Now a team of researchers led by Thorsten Schumm (Technical University of Vienna) and Ekkehard Peik (National Metrology Institute of Germany) has succeeded in exciting 229Th with a laser. The achievement builds on three key results published last year. Researchers at CERN detected photons emitted by 229Th nuclei (which had been created in the excited state by radioactive decay of other elements) and pinned down the transition energy to 8.338 ± 0.024 eV, or a wavelength of just over 148 nm. Peik and colleagues designed and built a tunable laser system at that wavelength. And Schumm and colleagues developed a way to trap large numbers of 229Th atoms in a perfect, VUV-transparent calcium fluoride crystal.

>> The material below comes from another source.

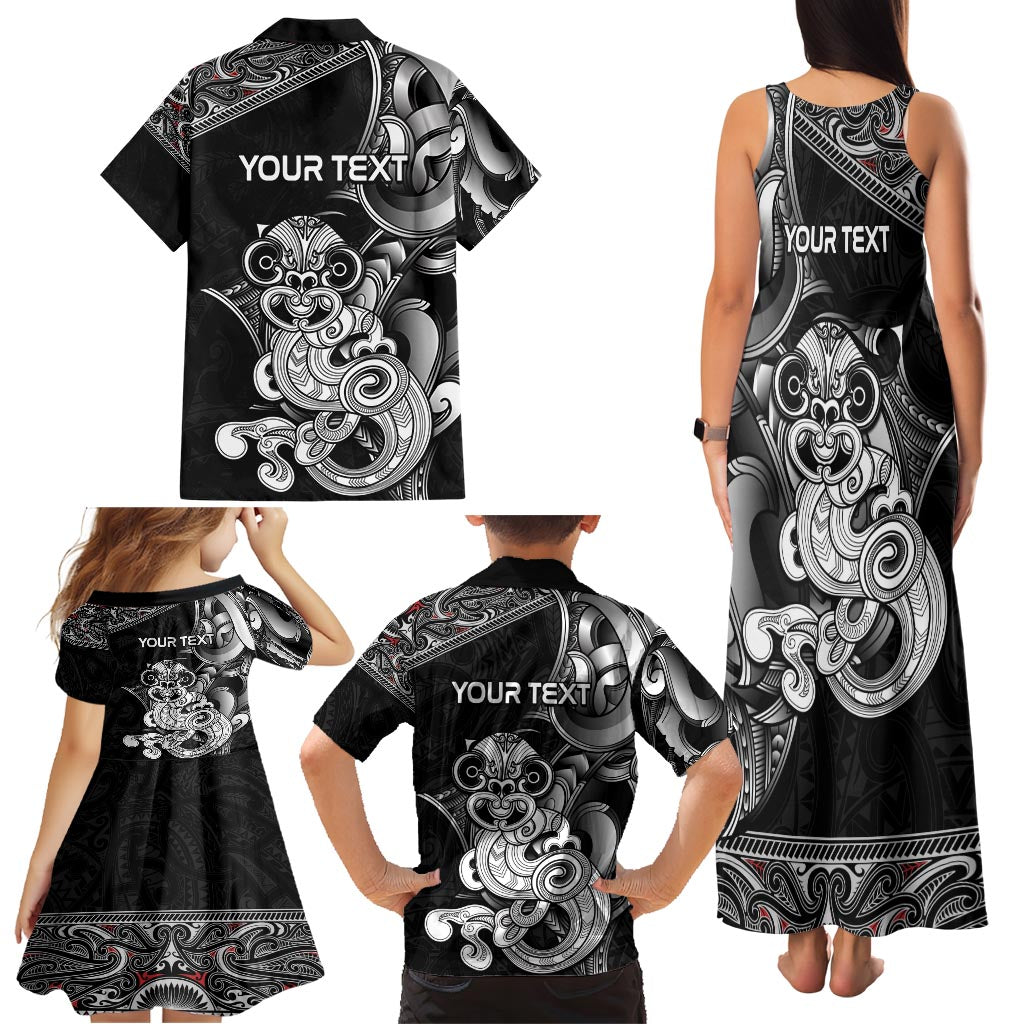 Personalised New Zealand Potae Pango Cricket Family Matching Tank Maxi Dress and Hawaiian Shirt Special Maori Hei Tiki Tribal Tattoo LT9 - Polynesian Pride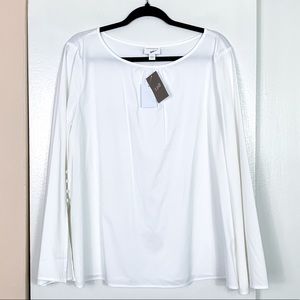 J. Jill White Button Sleeve Blouse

Observing the nuclear excitation was still a painstaking process. A fraction of a picometer at a time, the researchers scanned their laser wavelength over the target range, just a fraction of which is shown in the figure below. At each stage, they left the laser on for two minutes, then switched it off for two minutes to collect any fluorescence photons that the 229Th nuclei emitted. But because that cycle isn’t long enough to allow all the excited nuclei to return to the ground state, the apparent position of the spectral peak shifted, depending on whether the wavelength was scanned from low to high or from high to low.
The researchers were motivated by the goal of using the 229Th transition as the basis for an ultraprecise clock. They have much more work left to do to achieve that dream. But if and when it’s realized, a nuclear clock could, among other things, improve the precision of GPS signals and measurements of Earth’s gravitational field. Researchers could then better track subtle movements of the ground around volcanoes and seismic faults, which could help them forecast eruptions and earthquakes. (J. Tiedau et al., Phys. Rev. Lett., in press.)
Editor’s note, 19 April: The article has been updated to include the uncertainty on the 229Th transition energy that was obtained in the 2023 CERN study.